Vinyl Me Please, based in America, is one such service. The monthly subscription fee is about about £33 or less if you sign up for a multi-month package. Armed with a discount code, I went for the three month option was £28/month. That gets you one exclusive pressing of record and some extra items to fill the box.
This months album was Demon Days by Gorillaz, not much to say about that release which hasn’t already been said. Personally, it’s one of my favourite albums both musically and personally at the time. Growing up listening to “guitar music”, I never really considered hip-hop or electronica something I was interested in before I heard this album. “Rapping is just talking. Electronic music requires no talent. It’s not real music unless it has a guitar”. These are all things I probably said as an edgy teen.
The record comes as a 33 1/3 RPM double LP in a well finished gatefold sleeve. On the inside of the sleeve, all the artwork which came in the CD insert of the original release is displayed. A bit of a pet peeve of mine, the paper sleeves fit very snugly into the gatefold which means you have to really get a good grip to pull the record out of the case. Doesn’t really matter in the grand scheme of things, but I don’t like getting greasy fingerprints on my nice stuff.
The discs themselves look really cool, they’re printed on red translucent vinyl and sound fantastic. I’ve seen reports of a skip on All Alone, I didn’t experience that issue myself but if you’re looking to buy this second hand, that might be something to keep in mind. This is a remastered version which can always be a bit of a wild card, but it this case it seems to have been mastered with the utmost care and respect. One quirk I noticed is that the tracks don’t flow one into the next like they do on other releases of Demon Days. Instead, there’s a gap of a second or two between each song. This is particularly noticeable on the last three tracks which I always considered being three parts of the same song.
As well as the record, you get three 12 inch pieces of card. One has a cocktail recipe on it. When I signed up, I thought it would be a bit of fun to make the drink and have it while listening to the album, I’m sure that’s the thinking behind the decision. But the ingredients required aren’t exactly the kind of things you’d have lying around the house and I’m not buying tequila for this. Or any reason really, too many bad memories. I’m sure the cocktail is lovely though…
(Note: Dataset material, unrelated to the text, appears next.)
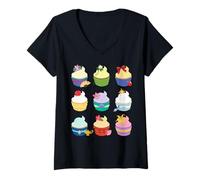 Donna Disney Princess Birthday Cupcakes Birthday Party Gift Maglietta con Collo a V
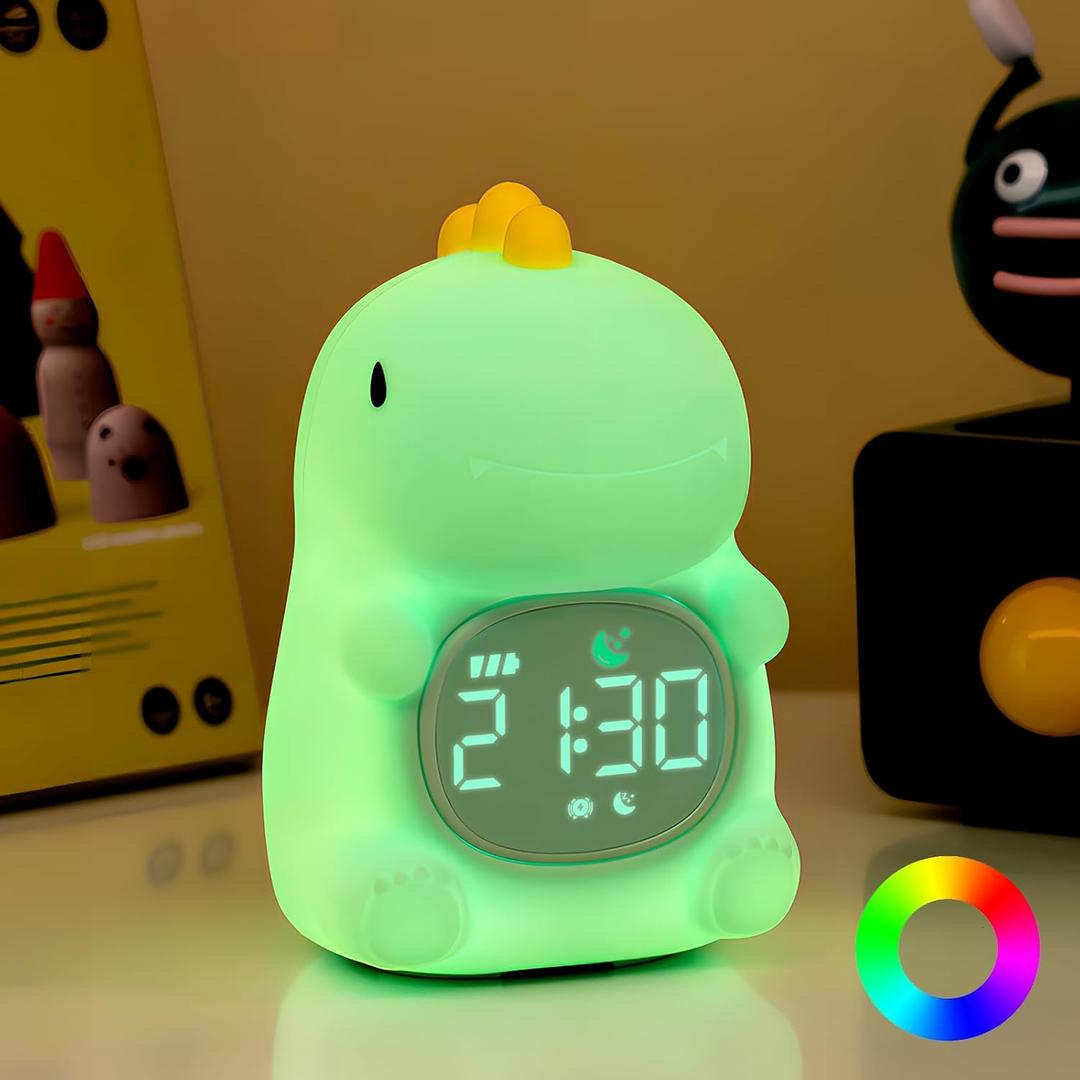 Dinosaurs Alarm Clock with Night Light for Kids with Sleep Training and Sound Machine, Rechargeable Silicone Lamp OK to Wake ClockCute Animal Tabletop Lamp, Perfect Sleep Companion for Boys Girls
The second piece of card has some records which are available to buy on their shop printed on it. Cool, I guess. Finally, the last one has a printed piece of art on it. I’ll be honest, I’ve never been a great appreciator of art. I spent more of my youth going to punk shows than contemplating Pollock. I don’t think being mass printed on a piece of matte card has done this particular piece any favours. I wouldn’t say any of the extras increase the value of the package as a whole. If you can afford to make cocktails or really like modern art then your mileage may vary.
Speaking of mileage, I’m currently living in the UK. This company is based out of the US and use DHL and Yodel. Yodel are awful. Google “Yodel courier” and you’ll see what I mean. Suffice it to say that my copy got knocked around in transit. The corner of the cardboard packaging was completely bashed up and the damage transferred through to the sleeve as well. The disc is fine and the damage isn’t much worse than normal shelf wear, but buyer beware.
So does Vinyl Me Please represent good value for money? I guess the answer is a predictable “it depends”. £28 is a good deal for this particular release, but if I look back at their previous offerings I’m not quite as convinced. The price point for me should really be reserved for collectors items. I’m all for being exposed to artists I might have missed out on, but the cost is really too high for that. For my money, I would say one in three of the albums sent out are worth the investment. So the question for me would be is it worth paying £75+ for one vinyl I like and two others I don’t care about but might be worth something? Probably not.